I can’t decide: is this Hornby’s life experience, or the one “Rolling Stone” told him he had? Moreover, even if this imagined emotional adolescence is experienced by some people, is it as universal as he suggests? (For that matter, has rock ever meant one thing to all people? Did the music of the “late 60’s and early 70’s” or the music of the “90s”?)
Moreover, even if there is/was a clique (of, I imagine, white suburban boys) who have this experience and rock music “articulated these feelings,” it is a dull student of popular culture who projects that association into the present. Rock music is not, and hasn’t been for some years, the genre of teen fans.

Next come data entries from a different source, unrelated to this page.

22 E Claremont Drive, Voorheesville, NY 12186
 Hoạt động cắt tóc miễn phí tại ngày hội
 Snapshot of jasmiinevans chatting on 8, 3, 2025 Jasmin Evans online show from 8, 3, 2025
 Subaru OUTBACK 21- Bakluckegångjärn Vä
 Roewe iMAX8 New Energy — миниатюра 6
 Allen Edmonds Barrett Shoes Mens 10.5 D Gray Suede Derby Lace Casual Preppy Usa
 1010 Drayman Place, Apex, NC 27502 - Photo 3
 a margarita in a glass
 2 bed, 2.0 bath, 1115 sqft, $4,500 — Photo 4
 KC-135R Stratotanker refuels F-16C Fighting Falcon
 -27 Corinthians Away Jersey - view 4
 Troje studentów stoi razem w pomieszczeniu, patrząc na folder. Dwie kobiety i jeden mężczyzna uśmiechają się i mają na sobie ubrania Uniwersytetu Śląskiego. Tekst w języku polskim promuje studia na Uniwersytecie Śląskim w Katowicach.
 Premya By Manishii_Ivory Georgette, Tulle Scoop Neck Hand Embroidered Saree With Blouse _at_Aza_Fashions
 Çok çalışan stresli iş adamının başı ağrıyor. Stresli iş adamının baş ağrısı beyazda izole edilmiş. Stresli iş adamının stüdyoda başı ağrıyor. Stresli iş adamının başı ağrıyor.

The RIAA reports that over the last ten years (and the trend is stronger over the last 30 years) rock music’s market share has shrunk from 35.1% in 1994 to 25.2% in 2003. Pop music’s not faring much better (despite the re-classification of much “R&B/Urban” and “Rap/Hip-Hop” into it’s ranks), dropping 1.4% during that same period. In contrast, rap sales have risen 5.4%. Moreover, over the last 30 years, rock music consumers skew significantly older—meaning, rock music consumers are older than they ever have been before.
So, rock music can’t do what Hornby wants because now-rock—or, really—now-pop is a different animal, and servicing a different public. To the extent that rock music sold itself as fuel for dis-comforting comfort, well, he really should like the “high-minded cult-rock” he buys, and thinks is great (because a lot of it gets bought by ex-pat rockers).
Hornby gives a new-ish solution to the old question: what happened to good ol’ rock-n-roll? He proscribes a middle-passage between high and low art. Strangely, this middle passage is “committed and authentic and intelligent, but that sets out to include, rather than exclude.” Well, if we’re comfortable universalizing the suburban male experience, why not? Let’s have it. The world needs to give Springsteen and James Taylor and Clapton more Grammys. But I insist—this does not require nerve, unless you’re talking about the nerve to make a copy of a copy of a copy. (Nor is it, I might add, committed, authentic, intelligent or universalizing, but I doubt I could convince him of that.)
Speaking of which, on this “digested/regurgitated” issue: Am I the only one who wonders if Hornby could derive the source for even 25% of the samples Public Enemy used in one song—let’s say “Night of the Living Baseheads?” If he can do that, I’ll concede this digestion point. Otherwise, he’s guilty of the sin of omission."